Immergée dans la chaleur d'une couverture légère à l'aube d'un dimanche matin tout baigné d'un soleil joyeux bien qu'automnal. Été indien il parait. Un régal. La petite sonnerie du réveil voudrait me tirer du flottement des rêves, debout Margotte la marmotte, debout tu as prévu d'aller méditer avec Lama Samten revenu de Québec, il fait beau et les oiseaux pépient déjà avec ardeur. Quelle flemme susurre amusée la petite voix intérieure, je sais méditer, un peu, je peux méditer dans le fond de mon lit, noyée de lumière et du frôlement doux des lits du matin. Debout, debout chante le réveil, les oiseaux et l'envie de retrouver Lama Samten, Jason et Cécile et Marielle et tous ces beaux sourires. Me voilà fraîche et dispose, reposée, restaurée, habillée de soie orangée et de coton kaki, bisous, bisous mes filles adorées je reviendrai vers treize heures, nous mangerons ensemble, bonne matinée mes amours. Et me voilà partie, juchée sur mon carrosse, foulard de ma soeur en mode routard et sourire aux lèvres pour la petite route qui mène aux gîtes de Cécile. L'air est si doux, passer le carrefour, prendre à gauche pour rejoindre le petit marché ou tout droit par la grande rue ? Tout droit. Longer le muret de la maison qui fait l'angle, tiens le gros labrador n'y est pas. Vrombissement d'un moteur.

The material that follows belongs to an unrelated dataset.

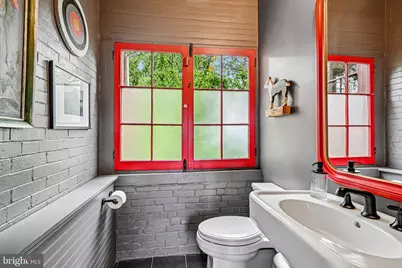 51 E Penn Street, Philadelphia, PA 19144 - Photo 30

Ma tête, le muret, le sol. Explosion de violence. Je suis couchée sur la route, des soubresauts secouent mon corps tout entier. J'ai mal. J'ai mal. Je tente de réunir mes pensées. J'ai mal. Je suis couchée sur la route. J'ai mal. Du sang coule de ma tête. Impact. Mais non. NON. Je réalise que je viens d'être percutée par une voiture. J'ai mal. Au secours, mes jambes, mes jambes. Le choc d'une violence inouïe, ma tête contre le muret. Cette voiture dont je ne vois plus que les roues et puis elle. Elle qui fait le tour de sa voiture infernale et qui se penche par dessus mon fauteuil, vide de moi, pour me regarder, couchée sur la route. "Mais quelle conne" hurle soudain toute ma colère, qui va s'occuper de mes enfants maintenant hurle la mère que je suis, mon fauteuil tout neuf pleure la personne handicapée qui sait tout le mal qu'elle a eu pour avoir ce fauteuil magique. Aidez-moi, mais aidez-moi hurle mon corps blessé, mettez-moi sur le dos, elle s'exécute et là je la regarde. Je vois une toute jeune fille dans une panique totale, elle ressemble à ma nièce Charlie, je ne vous ai pas vue, je ne vous ai pas vue à cause de la buée sur ma vitre, je ne vous ai pas vue, dit-elle en litanie. Elle veut appeler les secours, compose le 17. Dans ma tête je pleure que les pompiers c'est pas le 17. Puis un visage qui ne m'est pas inconnu se penche sur moi. Calmez-vous me propose t'il gentiment, sa voix me rassure, il est déjà au téléphone avec les pompiers, réclame des couvertures, je lui dis la route si dure, si froide, que j'ai mal à la tête, mon sang a coulé jusqu'au sol.